Elle était grande, majestueuse, elle avait les yeux bleus et vifs, mais très doux. Elle habitait à l’orangerie du Château où ma mère travaillait; je me faisais un plaisir d’y aller pour la voir. Elle s’occupait des enfants à l’Eglise, elle nous faisait prier et accompagnait les chants à l’harmonium.
C’est elle qui m’a préparée avec mes compagnes et mes compagnons à la première Communion. Si l’un de nous était indiscipliné, elle lui parlait doucement et après elle lui faisait réciter une courte prière aux pieds de la Vierge.
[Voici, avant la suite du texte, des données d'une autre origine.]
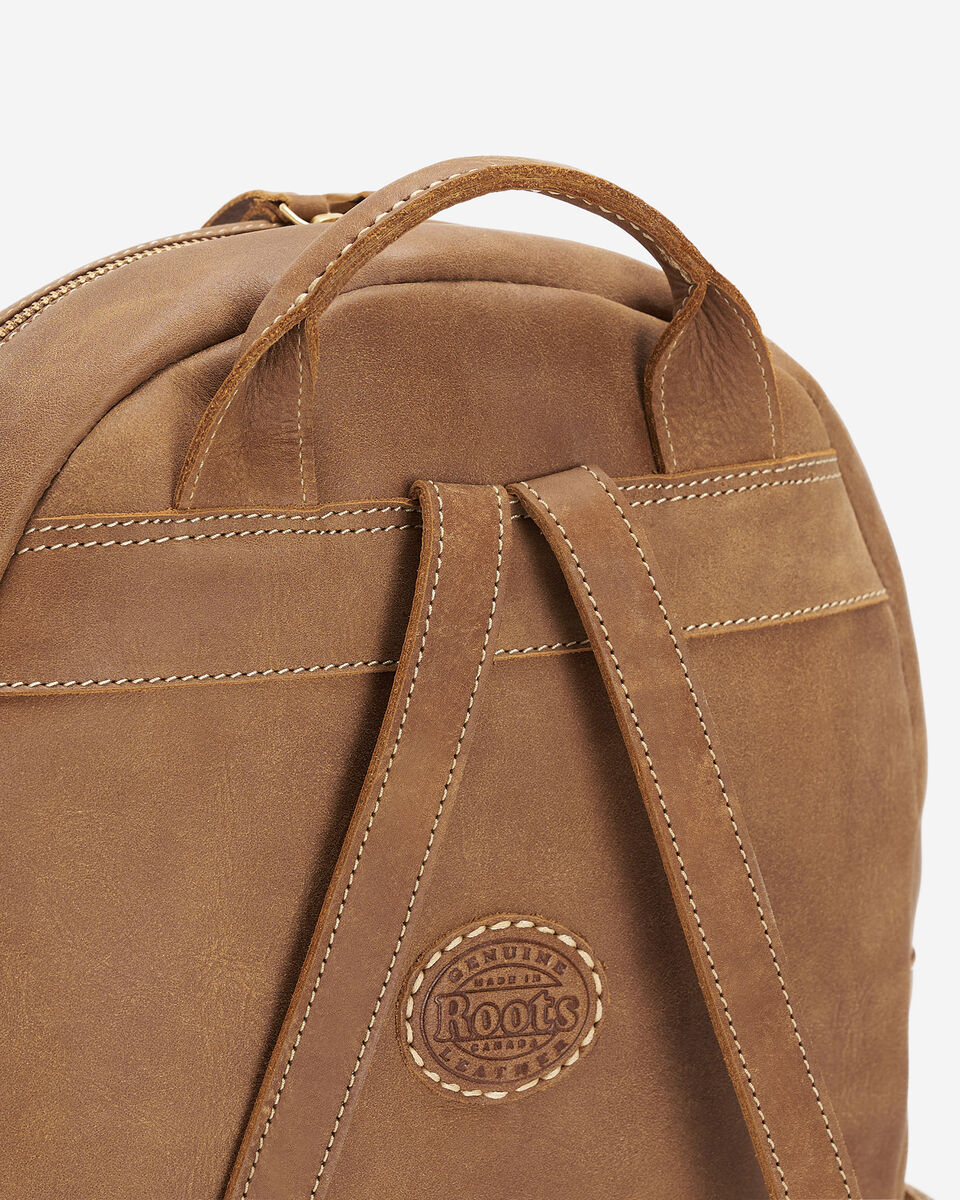 Chelsea Pack 2.0 Tribe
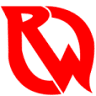 Rowley White RV
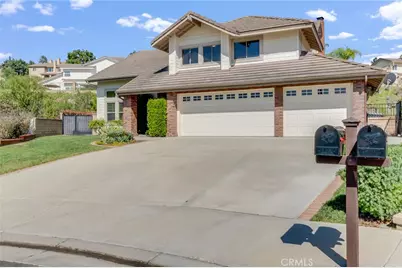 2663 N Vista Valley Road, Orange, CA 92867 - Photo 40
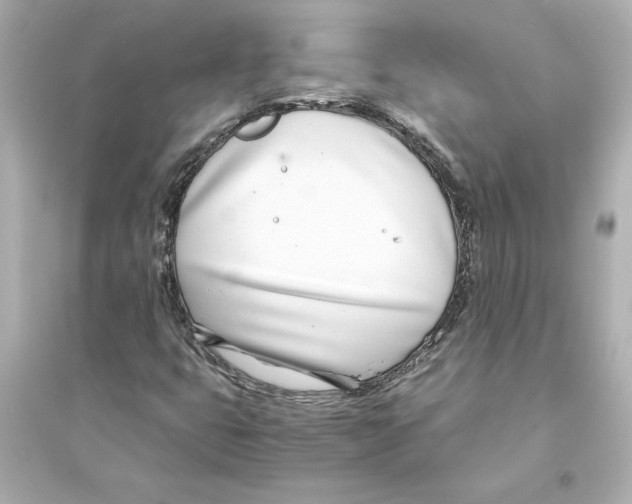 X0000093571399200711121026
Pendant la retraite, pour nous récompenser et nous distraire, elle nous emmenait faire une promenade en bâteau qu’elle guidait elle-même sur le canal; nous étions si heureux avec elle!
Elle traitait les enfants avec beaucoup de douceur et elle raisonnait les coupables pour les aider à revenir à de meilleurs sentiments”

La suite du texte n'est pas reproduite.